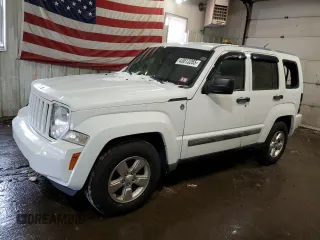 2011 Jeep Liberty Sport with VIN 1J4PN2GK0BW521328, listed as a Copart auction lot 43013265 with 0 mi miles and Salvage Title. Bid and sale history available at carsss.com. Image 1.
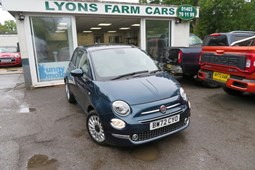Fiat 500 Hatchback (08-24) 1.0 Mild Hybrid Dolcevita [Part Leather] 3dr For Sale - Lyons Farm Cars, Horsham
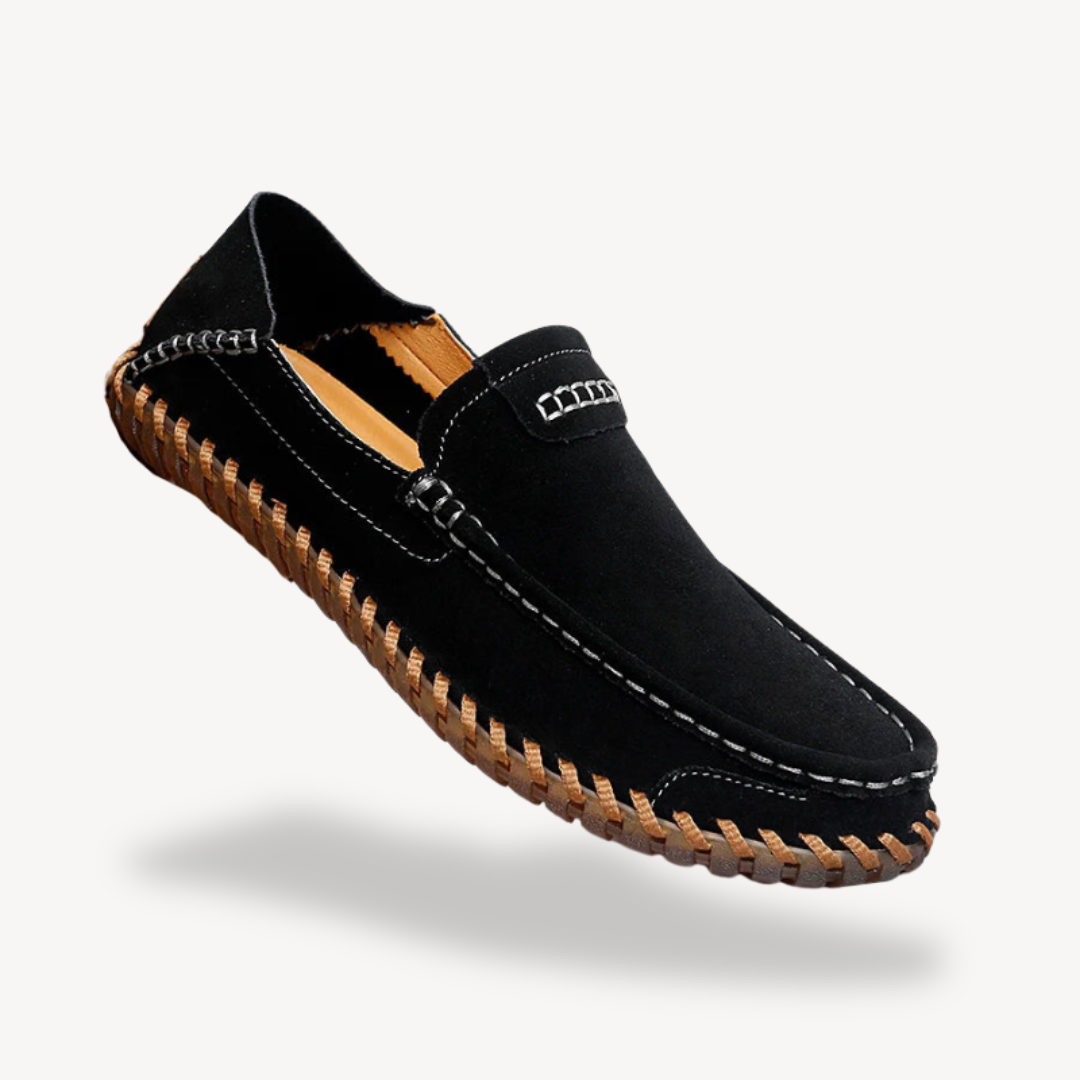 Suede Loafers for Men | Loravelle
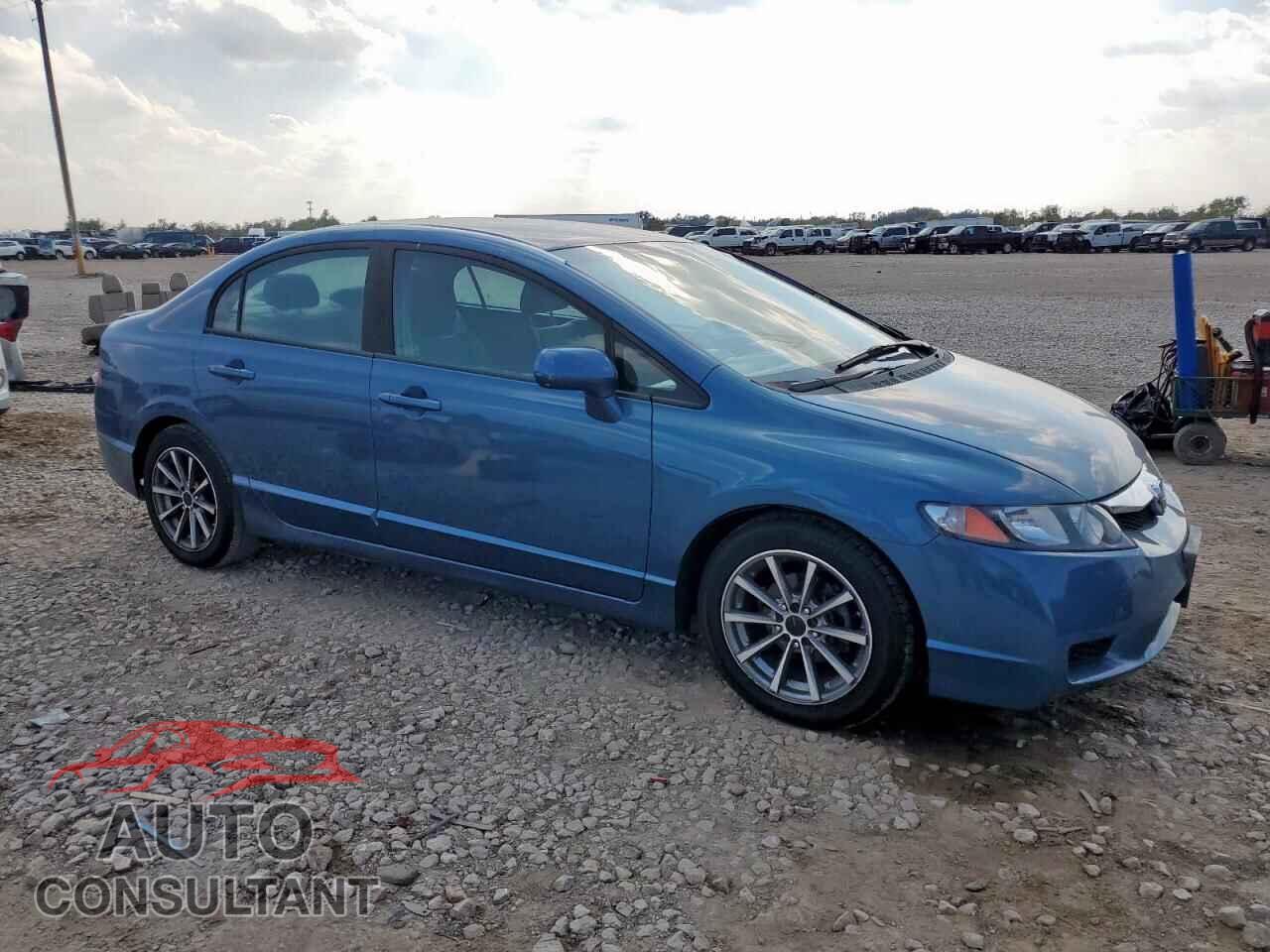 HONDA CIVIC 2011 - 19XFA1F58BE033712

◆ WHAT YOU WILL DO: Restate the data above word for word. Skip every picture.

◆ RESPONSE TO THIS EXERCISE:
 2011 Jeep Liberty Sport with VIN 1J4PN2GK0BW521328, listed as a Copart auction lot 43013265 with 0 mi miles and Salvage Title. Bid and sale history available at carsss.com. Image 1.
Fiat 500 Hatchback (08-24) 1.0 Mild Hybrid Dolcevita [Part Leather] 3dr For Sale - Lyons Farm Cars, Horsham
 Suede Loafers for Men | Loravelle
 HONDA CIVIC 2011 - 19XFA1F58BE033712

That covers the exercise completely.